In your send-up, you imply that 24(1) can be used as a matter of course in ordering a sentence reduced in response to a Charter breach. As R. v. Nasogaluak, 2010 SCC 6, states, this is not the case; instead, 24(1) is only meant to be used in this manner when the breach cannot be related back to the circumstances of the offence and the offender per the principles of sentencing found at s.718 of the Code. 24(1) sentence remedies are for exceptional cases only (see para. 64). As Lebel wrote,
"[5] As a general rule, therefore, it is neither necessary nor useful to invoke s. 24(1) of the Charter to effect an appropriate reduction of sentence to account for any harm flowing from unconstitutional acts of state agents consequent to the offence charged. When acting within the boundaries of the statutory sentencing regime, of course, the sentencing judge must exercise his or her discretion within the parameters of the Criminal Code. The judge must impose sentences complying with statutory minimums and other provisions which prohibit certain forms of sentence in respect of the offence."

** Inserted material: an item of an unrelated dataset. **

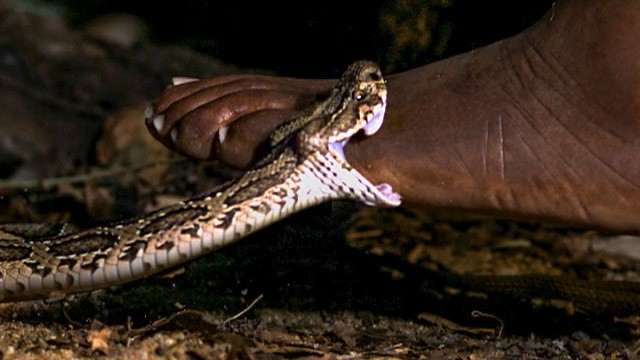 Snake-bite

Furthermore, in spite of your criticism, Tran is consistent with Tobiass. In Tran, the broken jaw was just the beginning: after the cops kicked him around, they cleaned up his blood to conceal their illegal assault and attempted to get Tran to record a coerced videotaped statement in which he was to say that he fell and cut his lip. Not satisfied with merely committing the offence of obstruction of justice, the officer who struck the blow proceeded to perjure himself at Tran's trial and was ordered excluded from the proceedings. The trial Crown, in a complete lapse of judgment that should have resulted in censure, allowed the cop to continue to participate in the trial by preparing witnesses. As the Court of Appeal wrote,
"[106] It is essential for the court to distance itself from this kind of state misconduct – an unwarranted, grave assault causing bodily harm, delayed medical attention, a cover up that included perjury, a prosecutorial response that affected the perception of trial fairness and no effective response. Not to do so would be to leave the impression that it tacitly approves of it. The granting of a stay of proceedings affirms the fundamental values of our society and ensures that the rights under the Charter are not, in substance, meaningless."

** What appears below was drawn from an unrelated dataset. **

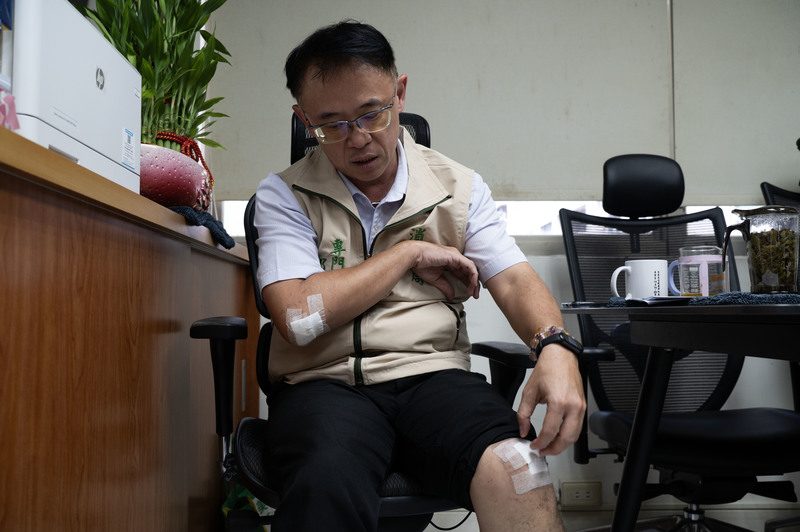 台南市消防局專委邱淵明在現場遭爆炸飛濺的鎂塊燒傷。（攝影／楊子磊）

As regards the comments of Messers. Muerrens and Jones, the long-term administration of justice -- society's real interest -- is critically undermined when cowboy cops are allowed to beat suspects, endanger their lives, conceal evidence, commit perjury, and yet still continue to participate in court proceedings. Those aren't technical violations, friends. If the cops had been content to merely bash his face in Tran would be in prison, albeit with a reduced sentence, as has happened in dozens of other cases. For context read Nasogaluak, where a stay wasn't entered in spite of broken ribs and a punctured lung.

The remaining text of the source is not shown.